Structured Output & Constrained Decoding

Logit Processors & Grammar Constraints

vLLM supports structured generation (JSON, grammar, regex) by masking invalid tokens at each step. The integration uses xgrammar or guidance.

# Structured output via SamplingParams
from vllm.sampling_params import GuidedDecodingParams

params = SamplingParams(
    guided_decoding=GuidedDecodingParams(
        json={"type": "object", "properties": {"name": {"type": "string"}}}
    )
)
# At each step, invalid tokens get logit = -inf
# Only tokens that could legally appear next in valid JSON are kept

The StructuredOutputManager in the engine core maintains a finite-state machine per request. Before sampling, it generates a logit bias mask marking which tokens are valid at the current grammar state. This mask is applied to logits before temperature scaling.

Speculative Decoding

Rejection Sampler

Source: vllm/v1/sample/rejection_sampler.py

Speculative decoding uses a small draft model to propose several tokens ahead, then verifies them with the large target model in one pass. This can achieve near-target-model quality at draft-model speed.

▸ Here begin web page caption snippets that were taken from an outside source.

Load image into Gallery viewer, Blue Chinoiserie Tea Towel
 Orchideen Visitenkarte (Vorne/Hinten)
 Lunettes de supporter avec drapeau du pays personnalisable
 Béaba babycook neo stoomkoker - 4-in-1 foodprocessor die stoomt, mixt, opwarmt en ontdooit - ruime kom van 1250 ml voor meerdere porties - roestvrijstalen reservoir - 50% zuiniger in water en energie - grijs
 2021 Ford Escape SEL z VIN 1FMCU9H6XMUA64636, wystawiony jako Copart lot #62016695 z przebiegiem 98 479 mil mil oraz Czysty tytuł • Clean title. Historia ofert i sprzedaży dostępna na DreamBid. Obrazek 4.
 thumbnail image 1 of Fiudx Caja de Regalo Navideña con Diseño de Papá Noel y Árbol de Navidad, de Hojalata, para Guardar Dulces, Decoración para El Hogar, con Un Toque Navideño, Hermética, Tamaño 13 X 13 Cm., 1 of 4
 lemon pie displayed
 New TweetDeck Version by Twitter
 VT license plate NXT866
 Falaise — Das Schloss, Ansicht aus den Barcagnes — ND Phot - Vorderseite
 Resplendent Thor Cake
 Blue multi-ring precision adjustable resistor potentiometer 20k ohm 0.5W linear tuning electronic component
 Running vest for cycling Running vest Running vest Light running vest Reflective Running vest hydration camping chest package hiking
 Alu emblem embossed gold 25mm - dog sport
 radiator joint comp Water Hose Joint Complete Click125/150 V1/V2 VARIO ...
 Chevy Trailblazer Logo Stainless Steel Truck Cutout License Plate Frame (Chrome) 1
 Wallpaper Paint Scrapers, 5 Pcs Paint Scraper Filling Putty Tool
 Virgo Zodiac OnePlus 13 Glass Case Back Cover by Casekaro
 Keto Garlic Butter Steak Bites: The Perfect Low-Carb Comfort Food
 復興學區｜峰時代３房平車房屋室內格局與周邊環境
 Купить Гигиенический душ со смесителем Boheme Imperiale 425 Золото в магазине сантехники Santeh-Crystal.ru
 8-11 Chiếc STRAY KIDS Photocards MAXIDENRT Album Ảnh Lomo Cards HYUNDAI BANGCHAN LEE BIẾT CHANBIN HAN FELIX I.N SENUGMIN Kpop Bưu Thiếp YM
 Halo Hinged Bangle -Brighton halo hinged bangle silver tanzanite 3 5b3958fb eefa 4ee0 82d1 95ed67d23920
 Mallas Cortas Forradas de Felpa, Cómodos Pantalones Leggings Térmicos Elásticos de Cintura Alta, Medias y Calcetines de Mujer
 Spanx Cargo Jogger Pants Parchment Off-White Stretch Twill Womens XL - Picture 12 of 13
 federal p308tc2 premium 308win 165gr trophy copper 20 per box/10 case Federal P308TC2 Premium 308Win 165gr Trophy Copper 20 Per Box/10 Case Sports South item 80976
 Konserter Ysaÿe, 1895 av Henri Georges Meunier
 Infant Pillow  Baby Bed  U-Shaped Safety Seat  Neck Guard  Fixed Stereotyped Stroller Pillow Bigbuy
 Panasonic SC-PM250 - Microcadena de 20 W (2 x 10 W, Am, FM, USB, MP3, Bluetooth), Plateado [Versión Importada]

# Speculative decoding flow:
# 1. Draft model proposes K tokens [t1, t2, t3, t4, t5]
#    with draft probabilities [q1, q2, q3, q4, q5]
#
# 2. Target model computes probabilities for all K+1 positions
#    [p1, p2, p3, p4, p5, p6] in one forward pass
#
# 3. Rejection sampler accepts/rejects each draft token:
for i in range(K):
    accept_prob = min(1.0, target_probs[i] / draft_probs[i])
    if random() < accept_prob:
        accept token t_i
    else:
        # Reject: sample from corrected distribution
        corrected = max(0, target_probs[i] - draft_probs[i])
        sample from corrected / sum(corrected)
        break  # stop at first rejection

When the draft model and target model agree (draft_prob ≈ target_prob), acceptance rate is high and throughput approaches K × target model decode speed. vLLM supports n-gram, EAGLE, and DFlash draft models.

Stop Conditions

When to Stop Generating

After each sampled token, the scheduler checks stop conditions:

Condition	FinishReason	Trigger
EOS token sampled	`STOP`	Sampled token ∈ `stop_token_ids` (or EOS by default)
Stop string match	`STOP`	Detokenized output contains a string from `stop`
Max tokens reached	`LENGTH`	`len(output_token_ids) >= max_tokens`
Max model len	`LENGTH`	Prompt + output ≥ `max_model_len`
Client abort	`ABORT`	HTTP disconnect / `abort_request()` called

Stop-string detection happens in the output processor (CPU-side), not in the sampler (GPU-side). The token sequence is detokenized and checked against stop strings after each iteration.